Oh shining star testify follows the same format, projecting layered images onto panels and immersing visitors in atmospheric sound. The work is organized around CCTV footage of the killing of 14-year-old Yusuf Shawamreh by Israeli military forces on March 19, 2014, for crossing the annexation wall that cuts through his village to pick edible plants. This video is interspersed with images of Palestinians protesting the occupation, along with occasional appearances of excerpted phrases from popular songs — which have become part of many rituals of soft resistance that take place in the daily life of Palestine. As these different elements flicker on the screen, they bring to mind the cyclical processes of cultural and even physical erasure to which Palestinians are subject constantly, and which have transformed their lives into a daily exercise of survival.

The fractured recreations of At those terrifying frontiers, the pulsating images of Oh shining star testify, and the messages compiled in Don’t read poetics in these lines are reminders that media and surveillance accounts of armed conflict and occupation are always partial and perspectival, and often become placeholders for constructed narratives.
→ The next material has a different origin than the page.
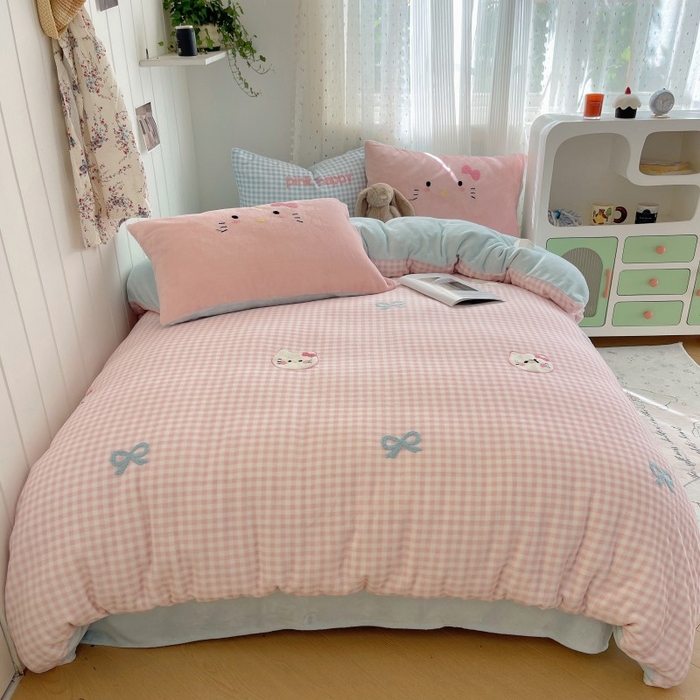 （总）顾里家纺 2025新款格子猫咪毛巾绣牛奶绒套件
Through what is at once fragmented and immersive, the artists and curator compel viewers to take part in and witness the psycho-social experience of the occupation, rather than trying to make sense of something unfathomable by means of metaphor or narrative. The exhibition plan reiterates the exterior/interior dynamic: if the social media posts can be seen almost from the outside, the exhibition space places the viewer inside the overwhelming sensorium of daily life in occupied Palestine.

Basel Abbas and Ruanne Abou-Rahme, Oh shining star testify (2019), installation view at the Art Institute of Chicago, 2021 (courtesy the artists)
Basel Abbas and Ruanne Abou-Rahme, Oh shining star testify (2019), installation view at the Art Institute of Chicago, 2021 (courtesy the artists)
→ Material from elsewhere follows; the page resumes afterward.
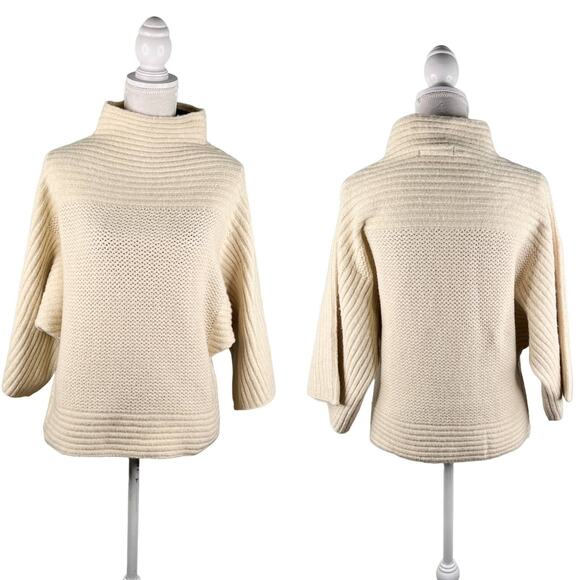 Marc New York Sweater Cream Beige XS Dolman Sleeves Mock Neck New - Picture 1 of 14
While the issue of the occupation of Palestine is at the forefront of international public debate, its complexity is often obscured by a media portrayal of the conflict only as intense military and cultural antagonism. Instead, Abbas and Abou-Rahme assert that the lived reality of occupation involves a multiplicity of factors that are erased or overlooked by their controlled representations. The panels that fragment the projections remind us that we’re dealing with an intense spatial regime, and that politics take place through enabling or disabling the circulation, encounter, dispersal, and even existence of bodies in space. 

If only this mountain between us could be ground to dust is without a doubt a show that deserves more attention than the promotion provided by its host institution. This project thoughtfully addresses the cognitive dissonances between lived experience, its public debate, and accounts presented in mass and social media. It constitutes a commendable effort to place crucial debates at the institutions that have long avoided their urgency and importance.

Basel Abbas and Ruanne Abou-Rahme: If only this mountain between us could be ground to dust continues at the Art Institute of Chicago (111 South Michigan Avenue, Chicago, Illinois) through Jaunary 3, 2022. the exhibition was curated by Maite Borjabad López-Pastor, Neville Bryan Associate Curator, Architecture and Design.